In the current work, the generated dataset is split into three sections of training, testing, and validation. We create 2572 random atomistic structures with a random percentage of vacancies for training. The test dataset is just employed to assess the network’s precision after training. Note that 10% of the training data is devoted to validating the network. There are 346835 parameters that can be trained in the neural network. During the training process, the network’s performance is checked on the validation dataset in order to prevent over- or under-fitting. Overall, the training is accomplished by minimization of loss or cost function. In this case, the mean squared error (MSE) loss function is applied. The MSE is a widely employed metric in multi-output regression tasks where the network predicts several different continuous values simultaneously. This evaluation metric operates by calculating the error for each output neuron, denoted as \(\hat{Y}_{i,k}\), where \(i\) indexes the data points, and \(k\) indexes the output neurons (typically ranging from 1 to the total number of outputs, e.g., 1, 2, and 3 in our case). Specifically, for each output, the error is computed as the squared difference between the predicted value (\(\hat{Y}_{i,k}\)) and the actual value (\(Y_{i,k}\)). This squaring of errors serves a dual purpose: firstly, it places a greater penalty on larger errors, effectively emphasizing their significance; secondly, it ensures that negative and positive errors do not cancel each other out during the aggregation process. To assess the overall performance of our model, the sum of these squared errors across all output neurons is calculated for each data point, thereby yielding the total squared error for that particular data point across all outputs. Subsequently, we determine the average of these sums across all data points within our dataset. This computed average, depicted in Eq. (13), represents the final measure of the mean squared error across our entire dataset.

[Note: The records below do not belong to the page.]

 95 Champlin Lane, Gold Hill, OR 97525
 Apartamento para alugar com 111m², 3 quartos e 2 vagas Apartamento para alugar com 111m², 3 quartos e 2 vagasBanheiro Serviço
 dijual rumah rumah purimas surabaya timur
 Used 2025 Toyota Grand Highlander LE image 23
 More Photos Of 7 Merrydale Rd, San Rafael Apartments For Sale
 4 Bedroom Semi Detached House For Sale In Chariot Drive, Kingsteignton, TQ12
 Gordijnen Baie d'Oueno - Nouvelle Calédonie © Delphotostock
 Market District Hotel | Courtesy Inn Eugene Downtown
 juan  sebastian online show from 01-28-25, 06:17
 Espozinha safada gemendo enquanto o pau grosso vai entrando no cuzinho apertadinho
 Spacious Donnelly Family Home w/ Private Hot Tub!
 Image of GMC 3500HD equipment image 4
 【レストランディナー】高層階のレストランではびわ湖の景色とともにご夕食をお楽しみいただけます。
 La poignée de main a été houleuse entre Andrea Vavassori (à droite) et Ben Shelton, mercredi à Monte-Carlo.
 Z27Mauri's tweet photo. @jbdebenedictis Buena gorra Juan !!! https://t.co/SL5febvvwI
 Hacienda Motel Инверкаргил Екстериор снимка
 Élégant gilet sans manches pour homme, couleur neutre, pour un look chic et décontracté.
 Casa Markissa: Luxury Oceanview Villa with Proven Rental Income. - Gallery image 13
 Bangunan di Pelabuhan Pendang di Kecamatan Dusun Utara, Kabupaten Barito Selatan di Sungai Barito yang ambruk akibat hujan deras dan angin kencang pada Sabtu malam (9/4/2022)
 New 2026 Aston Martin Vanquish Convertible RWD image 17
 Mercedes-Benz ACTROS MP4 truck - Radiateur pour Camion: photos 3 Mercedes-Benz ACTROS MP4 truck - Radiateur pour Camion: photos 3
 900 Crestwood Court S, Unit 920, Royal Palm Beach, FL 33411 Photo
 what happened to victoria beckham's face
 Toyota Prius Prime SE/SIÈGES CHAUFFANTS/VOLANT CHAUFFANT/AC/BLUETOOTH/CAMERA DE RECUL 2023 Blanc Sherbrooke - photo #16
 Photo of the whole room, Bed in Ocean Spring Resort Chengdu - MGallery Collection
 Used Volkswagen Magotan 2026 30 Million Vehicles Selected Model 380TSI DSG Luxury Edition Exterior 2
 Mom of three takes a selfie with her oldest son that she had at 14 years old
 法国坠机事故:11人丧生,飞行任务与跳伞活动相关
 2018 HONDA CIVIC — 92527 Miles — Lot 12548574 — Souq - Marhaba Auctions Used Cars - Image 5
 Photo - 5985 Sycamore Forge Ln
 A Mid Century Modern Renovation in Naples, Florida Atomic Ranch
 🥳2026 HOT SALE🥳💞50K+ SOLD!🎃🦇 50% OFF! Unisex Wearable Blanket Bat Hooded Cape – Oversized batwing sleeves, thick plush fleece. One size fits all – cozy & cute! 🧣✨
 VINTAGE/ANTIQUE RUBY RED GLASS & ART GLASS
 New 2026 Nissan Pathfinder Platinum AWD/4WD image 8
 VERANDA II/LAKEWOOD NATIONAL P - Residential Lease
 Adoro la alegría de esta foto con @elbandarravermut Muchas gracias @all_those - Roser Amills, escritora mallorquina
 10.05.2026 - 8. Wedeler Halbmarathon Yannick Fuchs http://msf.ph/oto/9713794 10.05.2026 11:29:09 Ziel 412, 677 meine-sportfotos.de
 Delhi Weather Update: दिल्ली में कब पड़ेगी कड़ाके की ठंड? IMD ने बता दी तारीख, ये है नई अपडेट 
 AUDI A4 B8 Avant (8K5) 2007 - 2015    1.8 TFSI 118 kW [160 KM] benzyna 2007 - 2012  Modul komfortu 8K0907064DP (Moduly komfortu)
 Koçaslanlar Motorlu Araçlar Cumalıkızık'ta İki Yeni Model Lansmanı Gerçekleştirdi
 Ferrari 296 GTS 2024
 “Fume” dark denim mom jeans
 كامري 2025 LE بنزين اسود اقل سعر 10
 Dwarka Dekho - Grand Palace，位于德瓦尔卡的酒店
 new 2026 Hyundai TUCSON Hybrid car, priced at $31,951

$$\begin{aligned} MSE = \frac{1}{n} \sum _{i=1}^{n} \sum _{k=1}^{s} (Y_{i,k} - \hat{Y}_{i,k})^2 \end{aligned}$$
(13)

here, \(n\) is the number of data points, and the inner sum is over the \(s\) output neurons

During the training phase of a neural network, Mean Squared Error (MSE) plays a crucial role as a loss function. The network’s primary objective is to adjust its weights and biases to minimize the MSE. This optimization is achieved through a process known as backpropagation. In backpropagation, the gradient of the MSE with respect to each weight and bias in the network is computed, allowing the network to understand how to adjust its parameters to reduce the error. In addition to measuring MSE during training, the network also evaluates MSE on a separate validation dataset. This step is critical for assessing the network’s generalization capabilities. By comparing the training and validation losses after each epoch, which is a complete pass through the entire training dataset, the network can evaluate its performance more holistically. This comparison serves as a vital metric for determining if the model is overfitting or underfitting. Overfitting occurs when the model performs well on the training data but poorly on unseen data, while underfitting is when the model performs poorly even on the training data. In our specific study, there are no significant indications of either overfitting or underfitting. This suggests that the model is appropriately capturing the underlying patterns in the data without being overly specific to the training dataset or too general and simplistic. Such a balance is essential for a model to perform well on both the training data and unseen data, indicating effective learning and generalization capabilities.

This particular loss function is usually coupled with an optimizer, whose primary role is to modify the model’s weights and biases according to the computed error. This operation is done using ADAM optimizer57 as a gradient descent algorithm with \(1.0\times 10^{-4}\) learning rate. The arguments of \(\beta _{1}\) = 0.9, \(\beta _{2}\) = 0.999 and \(\varepsilon\) = \(10^{-7}\) are set as the other parameters of this optimizer. the training involves estimating the gradient using random samples in batches comprising 64 data, and it is repeated this process for 150 epochs.